Sin Storms
Sin storms are my term for the havoc that is created when the weaknesses and struggles in our lives get magnified in our marriage and families. Sin storms enter our home when one or both spouses engage in sinful desires and allow something to come before their Creator and their spouse.
Storms can sweep through our lives just like the thunderstorm that wakes you up from a peaceful sleep. You may have had a warning, or you could have never seen this coming. Sin storm stories are all around us. Stories of storms that your friends, family, and even your own household have been through. Storms of sexual immorality, a pornography struggle, substance abuse addiction, hurtful anger, gambling, emotional or physical abuse, neglect, or any other form of unfaithfulness that surfaces in the home. When you go through a sin storm, the walls that were built for protection will become filled with rain clouds. Immediately, the hurt and hate you feel will bring winds into the house that could knock you both over. Within an instant, everything will feel like you are living in a dream.
Sin storms will create an experience in your home that will leave all family members feeling like they are swirling in some sort of tornado. When you are the spouse who has something to hide, exposed shame will hit your fantasy world like a ton of bricks. You begin to see your web of lies and now feel stuck in a mess you’ve created. When you are the spouse who is shocked with decisions made right under your nose, your world feels like it no longer makes sense and your sense of security feels like it just flew out the window with the storm.
All this chaos disrupts the very foundation of your home. You both feel like Dorothy in The Wizard of Oz being taken off to a distant land while longing and clicking your heels to just get back home. Your home. The home that as you both unpacked boxes you were declaring was your safe place from a scary world. But when these sin storms happen in your home, it doesn’t matter if there was a forecast warning or not. You will both feel crushed, and home won’t feel as safe anymore.
We have all gone through storms. We might give varying definitions on what a category 2 versus a category 5 hurricane may look like in our house, but most of us have felt one, and know too well the scary reality of walking through and standing next to an unpredictable storm.
Marital Storms
Wherever you are today, whatever area you live in, and whatever season you are going through, one thing we have in common is that we share the same weather forecast. It just hits at different points in our lives, and the impact may look different in yours than it does in mine.
For the sake of these pages, and for the place you are at right now in your life, we are going to focus on the storms related to your marital relationship.
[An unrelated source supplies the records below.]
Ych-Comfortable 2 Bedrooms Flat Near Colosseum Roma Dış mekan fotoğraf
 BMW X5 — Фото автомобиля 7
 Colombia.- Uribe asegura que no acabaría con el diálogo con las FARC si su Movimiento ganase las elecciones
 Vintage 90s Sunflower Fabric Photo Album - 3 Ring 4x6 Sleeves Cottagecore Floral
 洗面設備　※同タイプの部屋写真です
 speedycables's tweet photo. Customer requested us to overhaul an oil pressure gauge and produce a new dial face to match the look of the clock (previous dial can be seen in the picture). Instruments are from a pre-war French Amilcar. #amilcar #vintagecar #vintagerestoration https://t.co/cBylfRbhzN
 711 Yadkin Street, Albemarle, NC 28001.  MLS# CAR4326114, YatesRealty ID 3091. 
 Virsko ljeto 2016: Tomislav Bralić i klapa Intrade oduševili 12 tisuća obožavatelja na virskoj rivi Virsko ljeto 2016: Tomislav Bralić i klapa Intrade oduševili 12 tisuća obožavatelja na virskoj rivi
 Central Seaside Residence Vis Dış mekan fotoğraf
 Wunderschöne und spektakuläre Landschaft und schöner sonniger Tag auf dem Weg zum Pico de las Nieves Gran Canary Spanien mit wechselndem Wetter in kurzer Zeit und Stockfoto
You may be bracing for impact, buying the store out of milk and bread so that you can make it through the marital storm you are in.
The marriage you are sitting in right now that may contain tornadoes of yelling. The marital storm that has you questioning whether you both should just evacuate. The marital lightning-bolts of lying, swarms of secrets, infidelity, abuse, isolation, and addiction, are shaking the foundation of everything you once thought was stable and secure.
You are in a storm, and you know you can’t live like this any longer.
So much is happening, so much that you are almost speechless, feeling formless, and unable to think without clarity. These storms are consuming, suffocating, and emotionally heartbreaking to the fiber of your being.
We all have a Storm Story
I talk about storms with familiarity because I have the scars of walking through them and my husband and I have the story of strength and hope of persevering through some of the scariest circumstances we wouldn’t wish anyone had to experience. But others do, I have heard their stories. I have listened to the heartbreaking stories of the pieces people don’t like to talk about. There is so much sadness, but I see hope and strength in every crevice that sadness attempts to surface. The stories I hear of people opening up with a courageous vulnerability show me that every person has a story much like each finger has a unique print, and every storm has a unique effect.
A sin storm can tear your personal world apart, and with greater influence is the effects your sinful decisions will have on the life of your entire family. In a marriage, we see the beauty of blending two people together, but when a storm enters that marriage, it aims to destroy what was meant to be brought together.
As we go forward, we will uncover how to walk through a marital storm, how to survive the darkest days where you see no end in the marriage that presently feels hopeless, and how to look in the mirror again and see someone that has value. We will uncover the reality of a tomorrow that seems impossible to even fathom at this point. There is a tomorrow coming, this storm will have an end, and with intentionality, there will be a purpose to this storm as it turns into a part of your story instead of the identity of your life.